How did this start and has anyone ever tried to make 1 or the other change?

Mk VII
05-07-2010, 12:10 PM
Why do they write 9/11/01 and not 11/9/01?

rockypg
05-07-2010, 12:23 PM
I remembered this from reading a post here. The US writes 100,000 but in Europe they write 100.000 for the same amount.

How did this start and has anyone ever tried to make 1 or the other change?

History part answered here:
http://en.wikipedia.org/wiki/Decimal_separator

R

Candyman74
05-07-2010, 12:27 PM
I remembered this from reading a post here. The US writes 100,000 but in Europe they write 100.000 for the same amount.

Be careful about use of the word "Europe"; there is no such singular entity. The UK, for example, does not do this.

rockypg
05-07-2010, 12:37 PM
Why do they write 9/11/01 and not 11/9/01?

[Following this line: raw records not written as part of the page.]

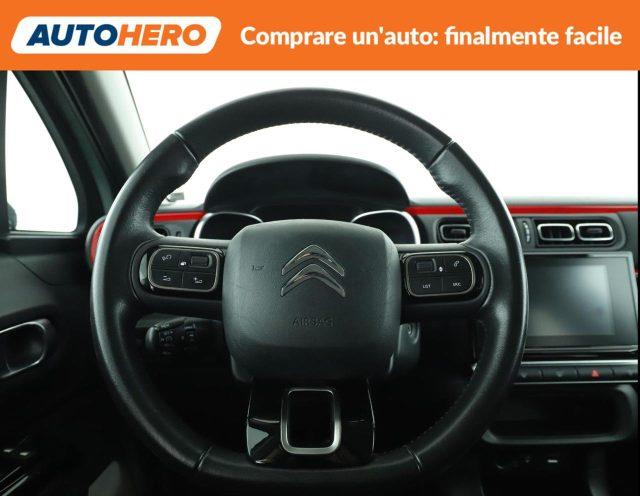 CITROEN C3 BlueHDi 75 S&S Shine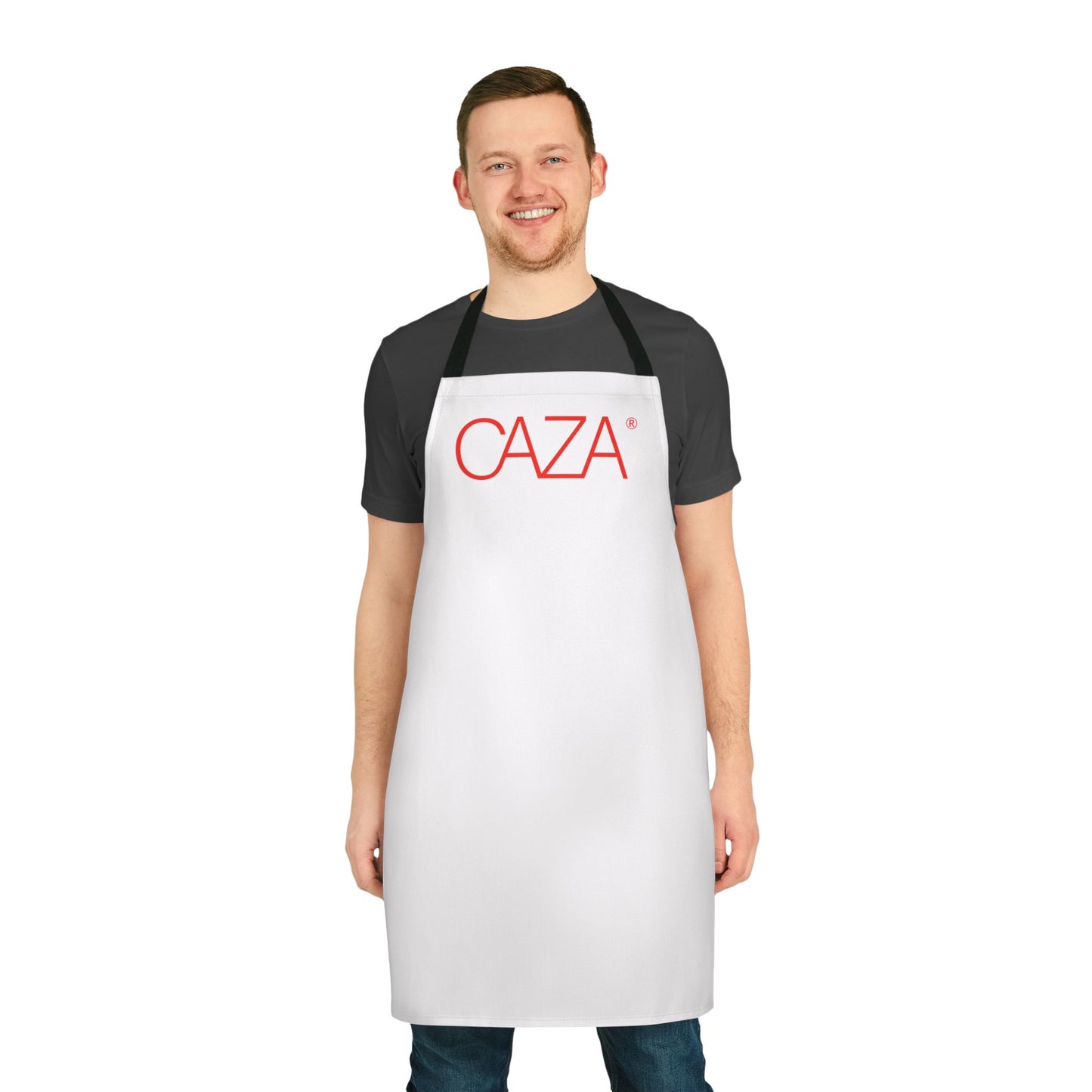 Apron (White)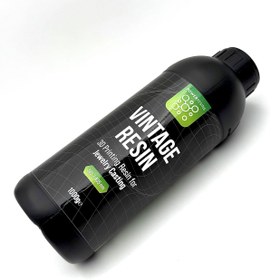تصویر رزین وینتیج (Vintage Resin) 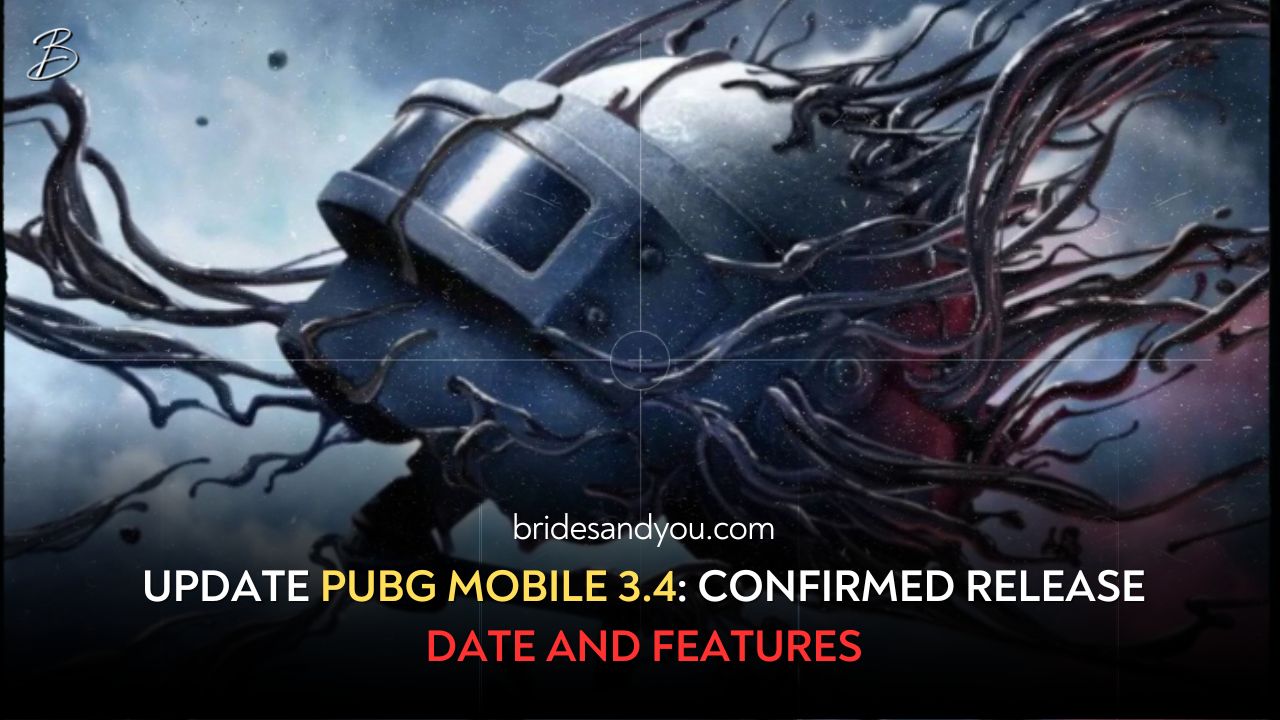 PUBG Mobile 3.4 update: Release date and features confirmed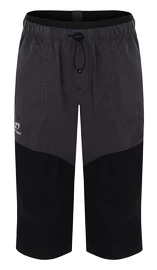 Kinder Shorts Hannah Rumex Dark Shadow/Anthracite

why do we answer questions with questions?

Mk VII
05-07-2010, 12:42 PM
Do we?

Acsenray
05-07-2010, 12:43 PM
I thought this was going to be about crossed sevens and tent-shaped ones.

yabob
05-07-2010, 12:47 PM
History part answered here:
http://en.wikipedia.org/wiki/Decimal_separator

R
If you look at that article, you will also note that there are more variations in separator and grouping than just two. India, for example, writes one billion as 1,00,00,00,000, and the Swiss use an apostrophe.

hende
05-07-2010, 12:49 PM
Why do they write 9/11/01 and not 11/9/01?

Because September 11th, 2001 is a different day than November 9th, 2001? ;)

Autolycus
05-08-2010, 02:44 AM
For the same reason the muskrat guards his mask. The responsible parties put the ape in apricot, and also make the Hottentot so hot.

Nava
05-08-2010, 03:48 AM
If you look at that article, you will also note that there are more variations in separator and grouping than just two. India, for example, writes one billion as 1,00,00,00,000, and the Swiss use an apostrophe.

Not only the Swiss: Spain and France use apostrophes as the decimal separator, but accept comas because of computer programs which don't offer the apostrophe among its possible choices.

[Undecided] Adrian
05-08-2010, 05:04 AM
This is another thing that should be standardized already.
I'm willing to compromise: You Americans adopt the metric system, and we adopt your number style. (Or we could both use the SI style: spaces as separators with dot or comma used interchangeably.)

On the date issue, I'd like to point out that 31.12.1999 makes more sense than 12/31/1999, because the order of the units is not mixed up. I'd like to switch to 1999/12/31, however, since that way you can better sort by date in computer programming. That would leave the abbreviated form in your style.
Padding the zeros is a must, in any case.

Who's with me?

Xema
05-08-2010, 06:37 AM
Adrian;12430617']I'd like to switch to 1999/12/31, however, since that way you can better sort by date in computer programming.
Most computers can both sort dates properly and display them in the form a user prefers. It's actually quite useful to distinguish between internal and external data formats, and not require that these be the same.

Polycarp
05-08-2010, 06:56 AM
I thought this was going to be about crossed sevens and tent-shaped ones.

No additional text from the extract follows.